# Work instruction
Repeat word for word every line of the data below, from the first through the line containing "Hi Dog Нашийник", and stop there.

(Extracted data entries)
■ ■ ■ ■ ■ ■ ■

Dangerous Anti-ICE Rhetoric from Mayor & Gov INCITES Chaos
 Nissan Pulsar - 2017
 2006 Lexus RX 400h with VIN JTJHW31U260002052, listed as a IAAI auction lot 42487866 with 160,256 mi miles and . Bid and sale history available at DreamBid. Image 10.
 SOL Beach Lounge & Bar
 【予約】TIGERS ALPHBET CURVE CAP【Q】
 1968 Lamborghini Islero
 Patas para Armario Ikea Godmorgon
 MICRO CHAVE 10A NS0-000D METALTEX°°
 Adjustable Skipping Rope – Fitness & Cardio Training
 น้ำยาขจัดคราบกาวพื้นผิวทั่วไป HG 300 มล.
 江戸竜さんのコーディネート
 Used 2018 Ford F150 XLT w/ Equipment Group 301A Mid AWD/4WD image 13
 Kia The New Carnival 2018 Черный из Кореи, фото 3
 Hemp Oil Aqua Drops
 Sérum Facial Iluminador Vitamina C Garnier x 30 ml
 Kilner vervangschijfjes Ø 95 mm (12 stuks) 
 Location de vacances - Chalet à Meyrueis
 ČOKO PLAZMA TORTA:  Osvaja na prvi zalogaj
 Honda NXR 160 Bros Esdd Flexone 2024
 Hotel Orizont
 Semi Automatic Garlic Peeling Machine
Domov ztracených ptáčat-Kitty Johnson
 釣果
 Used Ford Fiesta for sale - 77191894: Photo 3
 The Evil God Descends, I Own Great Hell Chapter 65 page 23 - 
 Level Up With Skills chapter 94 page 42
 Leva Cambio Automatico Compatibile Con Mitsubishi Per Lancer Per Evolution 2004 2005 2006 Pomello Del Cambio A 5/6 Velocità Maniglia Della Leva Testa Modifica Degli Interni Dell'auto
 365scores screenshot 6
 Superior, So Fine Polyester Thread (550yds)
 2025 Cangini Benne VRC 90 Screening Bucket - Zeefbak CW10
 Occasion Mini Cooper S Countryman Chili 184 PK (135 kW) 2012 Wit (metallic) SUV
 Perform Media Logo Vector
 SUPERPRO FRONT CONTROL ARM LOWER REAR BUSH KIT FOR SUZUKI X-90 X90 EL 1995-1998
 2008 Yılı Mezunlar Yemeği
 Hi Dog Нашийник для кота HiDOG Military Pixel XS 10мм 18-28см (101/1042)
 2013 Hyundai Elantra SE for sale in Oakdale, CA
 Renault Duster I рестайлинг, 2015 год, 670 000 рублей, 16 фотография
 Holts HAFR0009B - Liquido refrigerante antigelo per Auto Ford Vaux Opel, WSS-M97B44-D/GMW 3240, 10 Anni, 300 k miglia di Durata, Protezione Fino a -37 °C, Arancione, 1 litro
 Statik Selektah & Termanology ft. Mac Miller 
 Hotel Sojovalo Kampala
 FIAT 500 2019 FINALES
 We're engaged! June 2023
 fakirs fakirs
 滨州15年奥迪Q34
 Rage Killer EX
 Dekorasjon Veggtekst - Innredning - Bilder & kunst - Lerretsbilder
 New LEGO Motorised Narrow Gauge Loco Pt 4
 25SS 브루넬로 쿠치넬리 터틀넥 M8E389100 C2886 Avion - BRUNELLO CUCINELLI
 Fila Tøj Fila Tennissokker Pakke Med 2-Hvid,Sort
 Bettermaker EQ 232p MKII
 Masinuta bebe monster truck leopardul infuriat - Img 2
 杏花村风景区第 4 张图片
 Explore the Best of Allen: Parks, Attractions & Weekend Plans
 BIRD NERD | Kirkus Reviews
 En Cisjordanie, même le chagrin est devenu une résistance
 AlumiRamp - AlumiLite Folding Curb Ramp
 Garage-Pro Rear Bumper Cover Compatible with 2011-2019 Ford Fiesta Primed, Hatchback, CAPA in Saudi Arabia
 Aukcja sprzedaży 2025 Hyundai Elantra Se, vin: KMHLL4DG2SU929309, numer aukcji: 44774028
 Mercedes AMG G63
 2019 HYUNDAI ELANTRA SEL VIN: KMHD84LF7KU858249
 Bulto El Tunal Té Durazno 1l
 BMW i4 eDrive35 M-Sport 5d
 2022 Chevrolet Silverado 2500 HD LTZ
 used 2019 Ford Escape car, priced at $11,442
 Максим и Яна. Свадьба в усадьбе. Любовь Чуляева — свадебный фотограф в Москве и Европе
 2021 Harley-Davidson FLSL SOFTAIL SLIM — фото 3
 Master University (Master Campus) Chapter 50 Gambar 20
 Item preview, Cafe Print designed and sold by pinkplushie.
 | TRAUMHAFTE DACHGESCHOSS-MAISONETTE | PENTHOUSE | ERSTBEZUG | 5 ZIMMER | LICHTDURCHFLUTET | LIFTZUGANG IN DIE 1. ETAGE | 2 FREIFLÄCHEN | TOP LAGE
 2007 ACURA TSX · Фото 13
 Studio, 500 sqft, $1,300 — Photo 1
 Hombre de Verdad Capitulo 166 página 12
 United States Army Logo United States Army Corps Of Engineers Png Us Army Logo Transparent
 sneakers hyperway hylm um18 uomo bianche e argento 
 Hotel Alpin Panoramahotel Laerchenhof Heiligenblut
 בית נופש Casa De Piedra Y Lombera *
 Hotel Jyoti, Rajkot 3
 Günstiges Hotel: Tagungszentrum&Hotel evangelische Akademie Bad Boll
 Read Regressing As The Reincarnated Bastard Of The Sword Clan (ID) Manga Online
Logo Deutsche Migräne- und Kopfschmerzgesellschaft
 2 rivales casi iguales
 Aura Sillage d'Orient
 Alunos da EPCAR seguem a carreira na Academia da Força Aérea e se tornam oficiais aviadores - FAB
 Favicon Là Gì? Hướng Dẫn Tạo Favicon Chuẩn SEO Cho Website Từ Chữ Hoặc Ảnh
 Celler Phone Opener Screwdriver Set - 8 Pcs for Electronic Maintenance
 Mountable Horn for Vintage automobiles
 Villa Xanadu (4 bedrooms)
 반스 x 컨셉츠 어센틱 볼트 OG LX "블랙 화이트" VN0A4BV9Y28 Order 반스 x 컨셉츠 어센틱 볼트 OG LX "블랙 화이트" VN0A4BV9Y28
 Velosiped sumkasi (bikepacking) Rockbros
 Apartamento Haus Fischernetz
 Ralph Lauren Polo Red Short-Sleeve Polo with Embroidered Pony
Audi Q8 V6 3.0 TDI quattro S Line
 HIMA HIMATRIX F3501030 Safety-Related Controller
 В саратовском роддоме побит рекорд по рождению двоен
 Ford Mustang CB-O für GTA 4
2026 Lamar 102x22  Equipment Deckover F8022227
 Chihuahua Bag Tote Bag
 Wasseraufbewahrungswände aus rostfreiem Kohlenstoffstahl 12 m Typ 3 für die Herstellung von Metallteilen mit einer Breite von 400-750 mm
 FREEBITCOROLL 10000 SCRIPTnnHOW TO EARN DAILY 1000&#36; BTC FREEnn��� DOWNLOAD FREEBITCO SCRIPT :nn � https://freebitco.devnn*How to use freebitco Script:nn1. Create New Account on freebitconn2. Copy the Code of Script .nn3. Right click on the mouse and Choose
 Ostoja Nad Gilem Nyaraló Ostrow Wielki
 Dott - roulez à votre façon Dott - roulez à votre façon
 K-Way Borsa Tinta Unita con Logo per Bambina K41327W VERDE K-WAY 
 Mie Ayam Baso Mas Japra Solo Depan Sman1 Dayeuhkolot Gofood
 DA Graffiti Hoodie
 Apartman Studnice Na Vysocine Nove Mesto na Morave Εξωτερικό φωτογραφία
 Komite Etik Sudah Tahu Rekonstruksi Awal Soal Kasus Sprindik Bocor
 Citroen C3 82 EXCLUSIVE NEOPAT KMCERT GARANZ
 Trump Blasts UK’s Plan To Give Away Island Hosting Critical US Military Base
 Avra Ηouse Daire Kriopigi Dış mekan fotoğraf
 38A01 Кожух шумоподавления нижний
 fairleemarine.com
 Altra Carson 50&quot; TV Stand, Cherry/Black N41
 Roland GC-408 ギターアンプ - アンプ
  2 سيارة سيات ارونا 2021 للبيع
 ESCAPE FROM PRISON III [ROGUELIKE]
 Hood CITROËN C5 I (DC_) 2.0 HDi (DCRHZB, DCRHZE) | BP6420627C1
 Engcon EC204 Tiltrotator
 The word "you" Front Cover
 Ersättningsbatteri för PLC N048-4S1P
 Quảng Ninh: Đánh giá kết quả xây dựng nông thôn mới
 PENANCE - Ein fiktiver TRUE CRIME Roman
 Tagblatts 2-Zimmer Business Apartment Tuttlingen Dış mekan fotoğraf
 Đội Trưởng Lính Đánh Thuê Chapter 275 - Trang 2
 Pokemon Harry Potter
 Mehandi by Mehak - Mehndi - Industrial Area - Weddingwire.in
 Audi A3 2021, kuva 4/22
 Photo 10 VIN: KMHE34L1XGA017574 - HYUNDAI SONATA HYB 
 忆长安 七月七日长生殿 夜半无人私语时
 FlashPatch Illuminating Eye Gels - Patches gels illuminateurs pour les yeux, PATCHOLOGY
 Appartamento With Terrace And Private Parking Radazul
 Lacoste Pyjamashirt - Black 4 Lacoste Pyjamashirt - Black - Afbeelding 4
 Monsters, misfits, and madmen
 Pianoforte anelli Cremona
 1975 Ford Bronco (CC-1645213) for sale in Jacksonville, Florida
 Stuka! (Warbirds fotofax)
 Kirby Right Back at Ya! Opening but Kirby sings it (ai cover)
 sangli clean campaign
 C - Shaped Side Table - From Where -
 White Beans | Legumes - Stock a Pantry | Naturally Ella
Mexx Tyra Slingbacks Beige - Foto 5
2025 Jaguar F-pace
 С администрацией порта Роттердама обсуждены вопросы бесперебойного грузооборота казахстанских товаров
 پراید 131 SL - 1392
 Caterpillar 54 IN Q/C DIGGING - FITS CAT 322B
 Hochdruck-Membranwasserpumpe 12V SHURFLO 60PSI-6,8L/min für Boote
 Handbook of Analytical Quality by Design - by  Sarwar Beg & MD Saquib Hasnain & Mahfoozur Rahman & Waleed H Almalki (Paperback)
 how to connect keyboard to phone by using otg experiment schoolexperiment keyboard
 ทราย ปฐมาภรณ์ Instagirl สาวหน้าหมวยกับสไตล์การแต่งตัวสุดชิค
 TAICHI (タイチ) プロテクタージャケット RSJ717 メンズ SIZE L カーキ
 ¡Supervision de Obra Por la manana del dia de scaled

■ ■ ■ ■ ■ ■ ■

# Task response
Dangerous Anti-ICE Rhetoric from Mayor & Gov INCITES Chaos
 Nissan Pulsar - 2017
 2006 Lexus RX 400h with VIN JTJHW31U260002052, listed as a IAAI auction lot 42487866 with 160,256 mi miles and . Bid and sale history available at DreamBid. Image 10.
 SOL Beach Lounge & Bar
 【予約】TIGERS ALPHBET CURVE CAP【Q】
 1968 Lamborghini Islero
 Patas para Armario Ikea Godmorgon
 MICRO CHAVE 10A NS0-000D METALTEX°°
 Adjustable Skipping Rope – Fitness & Cardio Training
 น้ำยาขจัดคราบกาวพื้นผิวทั่วไป HG 300 มล.
 江戸竜さんのコーディネート
 Used 2018 Ford F150 XLT w/ Equipment Group 301A Mid AWD/4WD image 13
 Kia The New Carnival 2018 Черный из Кореи, фото 3
 Hemp Oil Aqua Drops
 Sérum Facial Iluminador Vitamina C Garnier x 30 ml
 Kilner vervangschijfjes Ø 95 mm (12 stuks) 
 Location de vacances - Chalet à Meyrueis
 ČOKO PLAZMA TORTA:  Osvaja na prvi zalogaj
 Honda NXR 160 Bros Esdd Flexone 2024
 Hotel Orizont
 Semi Automatic Garlic Peeling Machine
Domov ztracených ptáčat-Kitty Johnson
 釣果
 Used Ford Fiesta for sale - 77191894: Photo 3
 The Evil God Descends, I Own Great Hell Chapter 65 page 23 - 
 Level Up With Skills chapter 94 page 42
 Leva Cambio Automatico Compatibile Con Mitsubishi Per Lancer Per Evolution 2004 2005 2006 Pomello Del Cambio A 5/6 Velocità Maniglia Della Leva Testa Modifica Degli Interni Dell'auto
 365scores screenshot 6
 Superior, So Fine Polyester Thread (550yds)
 2025 Cangini Benne VRC 90 Screening Bucket - Zeefbak CW10
 Occasion Mini Cooper S Countryman Chili 184 PK (135 kW) 2012 Wit (metallic) SUV
 Perform Media Logo Vector
 SUPERPRO FRONT CONTROL ARM LOWER REAR BUSH KIT FOR SUZUKI X-90 X90 EL 1995-1998
 2008 Yılı Mezunlar Yemeği
 Hi Dog Нашийник для кота HiDOG Military Pixel XS 10мм 18-28см (101/1042)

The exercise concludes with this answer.